Information given:
>>>

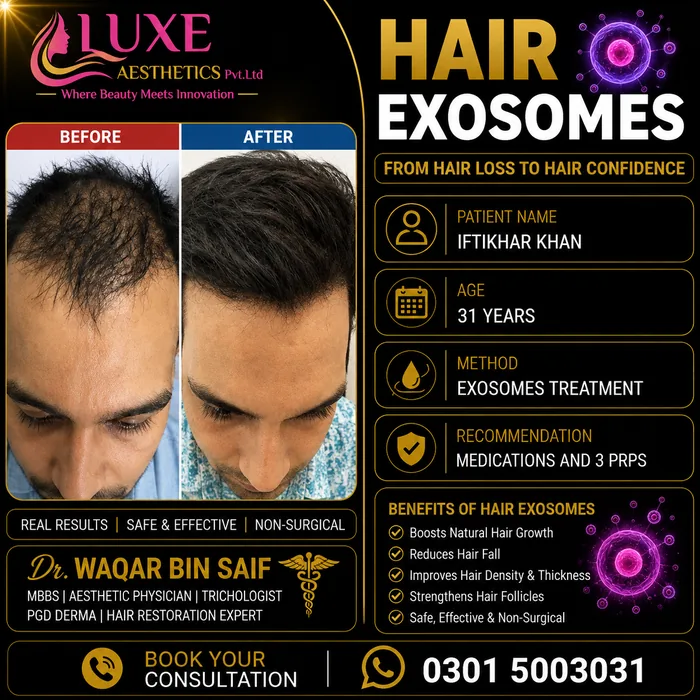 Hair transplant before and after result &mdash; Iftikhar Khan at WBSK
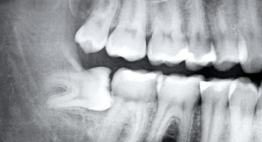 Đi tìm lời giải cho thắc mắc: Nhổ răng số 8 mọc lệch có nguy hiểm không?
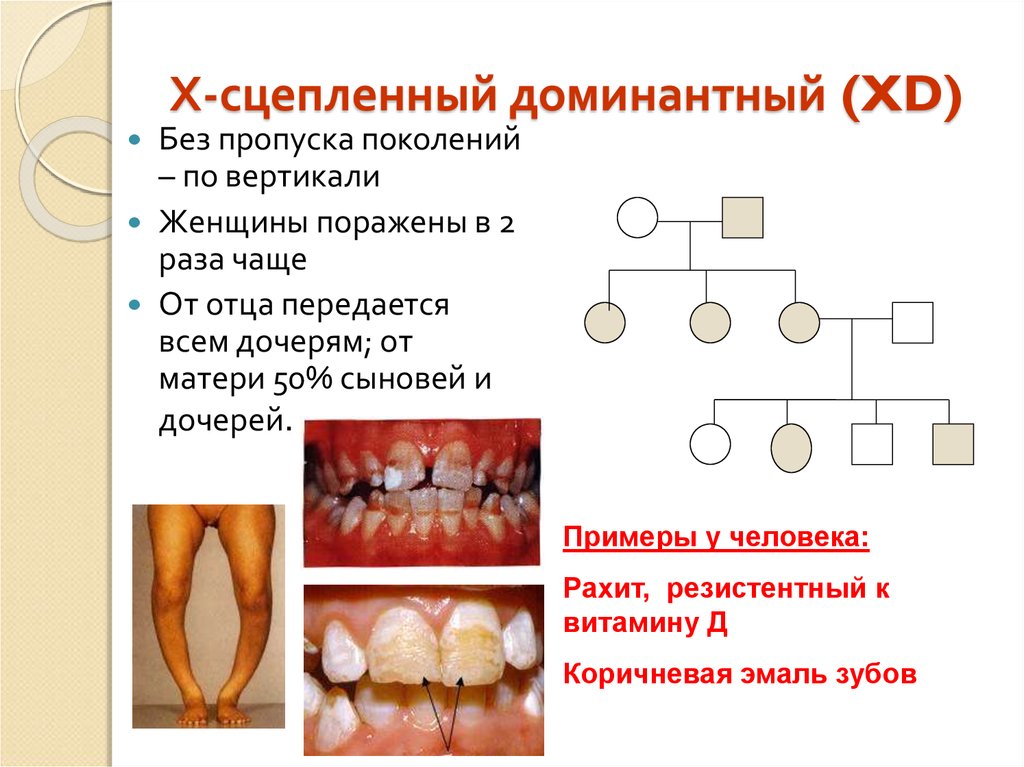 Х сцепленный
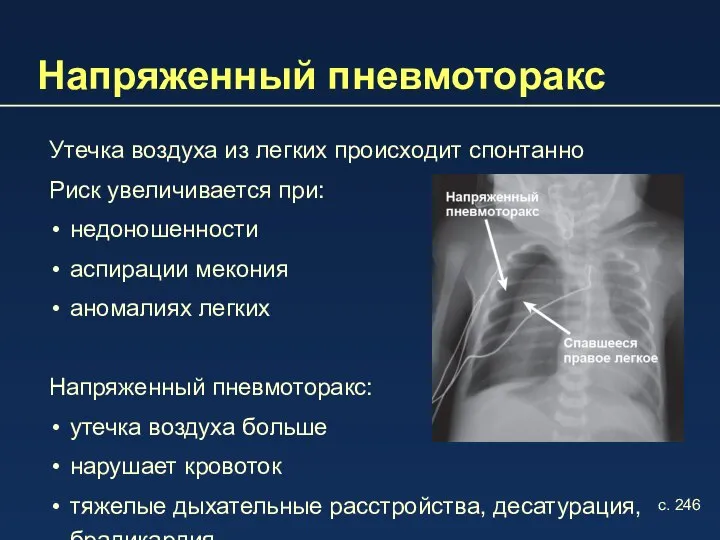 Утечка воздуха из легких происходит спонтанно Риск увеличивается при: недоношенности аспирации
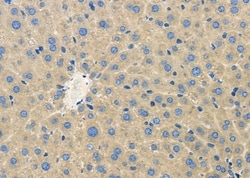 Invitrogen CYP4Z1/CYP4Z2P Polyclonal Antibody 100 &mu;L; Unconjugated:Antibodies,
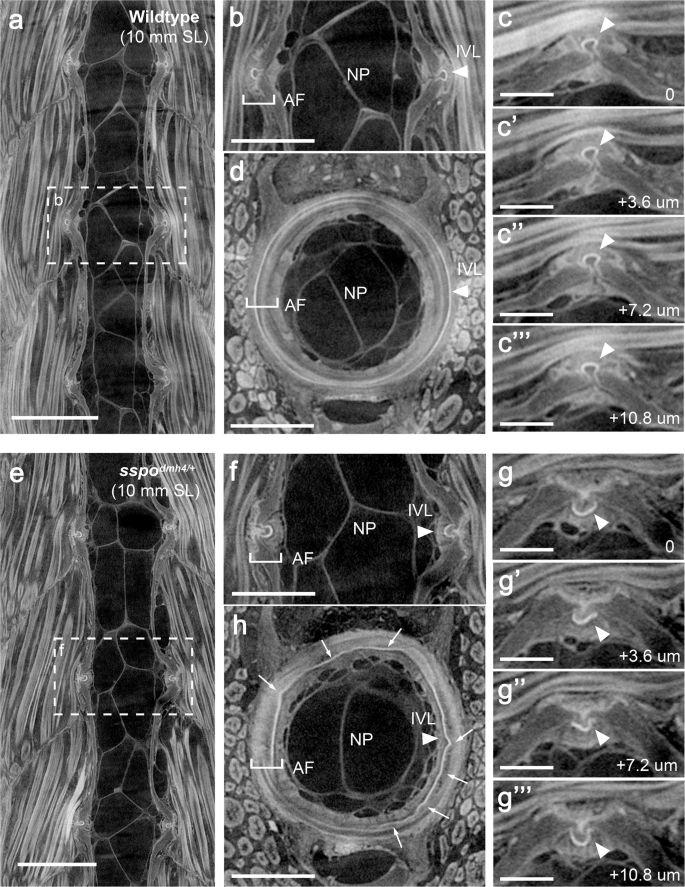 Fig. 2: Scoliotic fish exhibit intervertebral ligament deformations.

<<<
>>>

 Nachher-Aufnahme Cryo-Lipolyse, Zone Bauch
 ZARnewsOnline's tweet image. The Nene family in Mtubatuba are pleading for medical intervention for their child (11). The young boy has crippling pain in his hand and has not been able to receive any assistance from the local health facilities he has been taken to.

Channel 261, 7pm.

<<<

Work order: What you return from the records above should be exactly everything from the line with "Đi tìm lời giải" down to the line with "Fig. 2: Scoliotic", both kept, and no pictures.

Task response:
 Đi tìm lời giải cho thắc mắc: Nhổ răng số 8 mọc lệch có nguy hiểm không?
 Х сцепленный
 Утечка воздуха из легких происходит спонтанно Риск увеличивается при: недоношенности аспирации
 Invitrogen CYP4Z1/CYP4Z2P Polyclonal Antibody 100 &mu;L; Unconjugated:Antibodies,
 Fig. 2: Scoliotic fish exhibit intervertebral ligament deformations.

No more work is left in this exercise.